For the women who find themselves in an unplanned crisis pregnancy, the “easy” answer is  “just place your child for adoption!” Again, that might be easy for an outsider, but you don’t know what is in the heart of these women. We can say all we want about how much easier for the teenage girl who had to drop out of school to raise her child if she had only placed. We can say it would be easier for the addict to place her child. We can say it would be easier for the woman who already has more children than she can afford to take care of that she should’ve placed. Or the woman in prison. Or the woman who was raped. Or…the list goes on. But you know what? We don’t get to judge their stories or tell them what would be an “easier” life for them.

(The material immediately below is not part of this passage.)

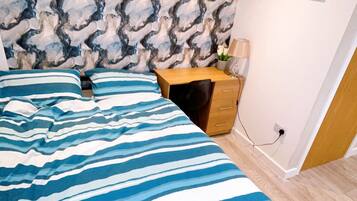 Shared Dormitory, 1 Bedroom, Smoking, Balcony | 1 bedroom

This child might be their life, and being a mother might be their identity. Whatever the reason adoption wasn’t for them, it’s okay, and we shouldn’t judge.

For the family members of anyone part of the adoption triad who think adoption shouldn’t have been the path taken, it’s absolutely okay you think this way. But I will caution you to not push your thoughts on people involved in the adoption triad because adoption was for them. This is a situation where agreeing to disagree might be your best bet because, again, your story is not their story, and it’s okay.

Adoption isn’t for everyone, and that’s okay. What’s not okay is judgment and shame if someone takes a different road than you. Tell your own story and be proud of it. That’s certainly okay.